If I had false teeth I would have dropped them in my lap, he’s a 4/4 Fighter/Mage with 32 HP and he just killed a roughly 20HD creature.

The crowd goes wild, and off he trots up to claim his reward – which is another roll on the Special Magic Item table. This is where I really had to sort of adapt something, so the “Bottle of Warrior Juice” (which doubles the characters Strength and Constitution in T&T) became the “Elixir of Ares” and there a 50/50 chance that it will give the player 1-3 levels in a Fighter class or grant them a +1 to Strength, Dexterity, and Constitution. Tier, of course, rolls the attribute bonus and given his already existing stats now has a Strength of 19, a Dexterity of 18, and a Constitution of 19.

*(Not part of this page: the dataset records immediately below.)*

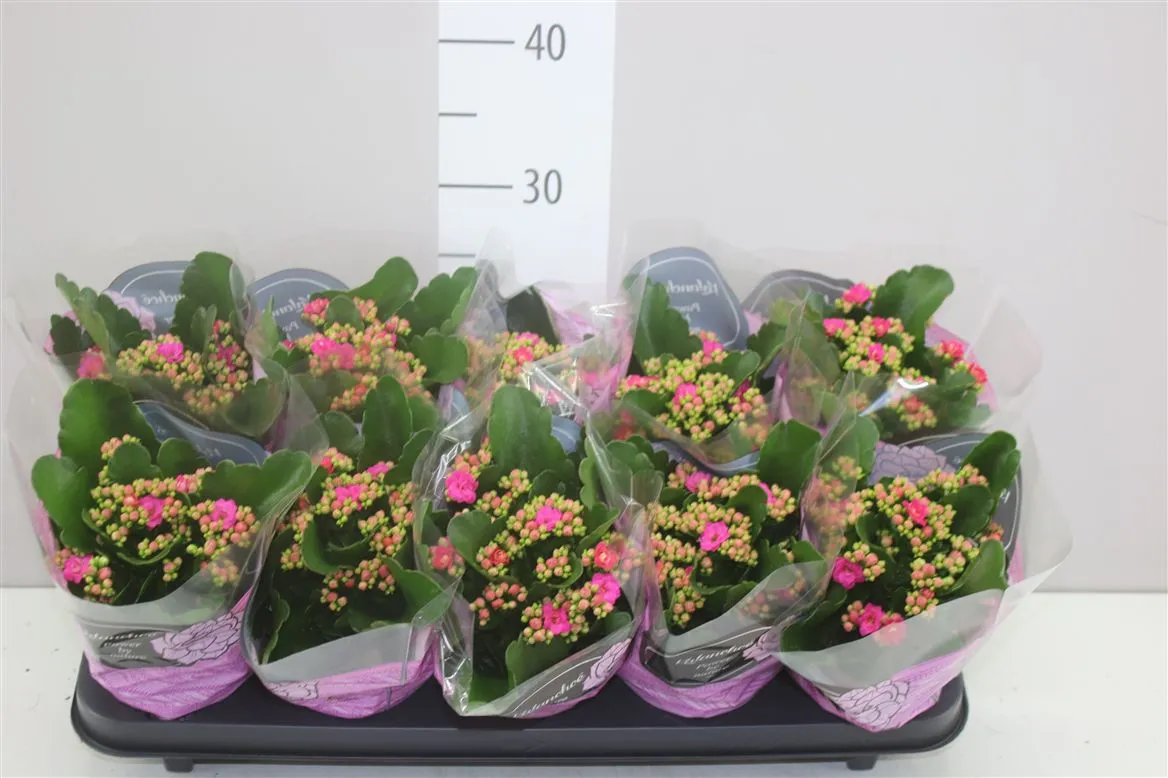 Kalanchoe Calandiva Lila • črepník 10,5 cm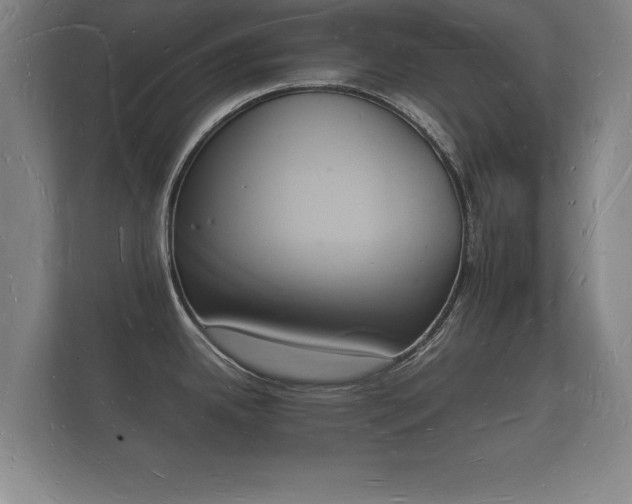 X0000112141342200908141146
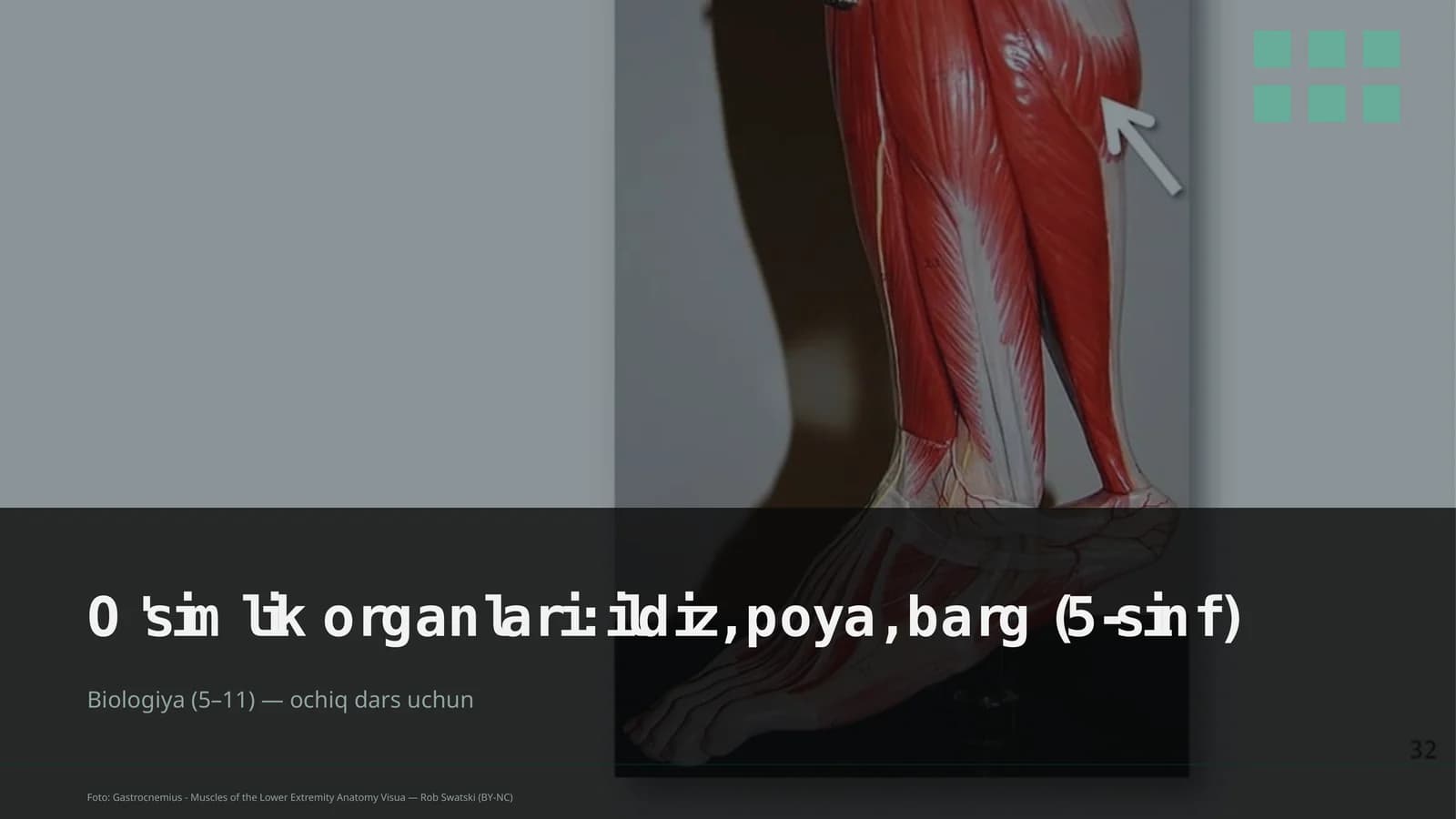 O'simlik organlari: ildiz, poya, barg (5-sinf)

But… I rule that this also increases his height by 1d12 inches – and he rolls a 11.

So now we have a 7’5″ tall elf.

I wish I could say that his third fight was as exciting. There was a beautiful elvish mage of some sort in a silver robe with a silvery-grey staff, after spurning the opportunity to either spare her or throw himself at her mercy – she let loose three salvos of five Magic Missiles apiece and Tier was done for (somebody forgot about his Great Kris)…

Luckily he had reserved some cash for this event and he was saved from being monster-chow, but having lost that fight, he still had to win one more before he was free.

It was a kobold.


So, with his hard-won equipment and prizes, plus a paltry 100sp tossed to him for winning his “fight” with the kobold, Tier has been released into freedom in the great city of Khazan, on the borders of the Shadowlands and Great Realm of the Dead. He’s not exactly sure how to get home, or what would happen to him when he managed to get there, but he has his freedom and a rather high level of notoriety!

We’ll see what he does next – this was kind of perfect set of crazy events for a 14-year old. Hopefully he can maintain his run of luck!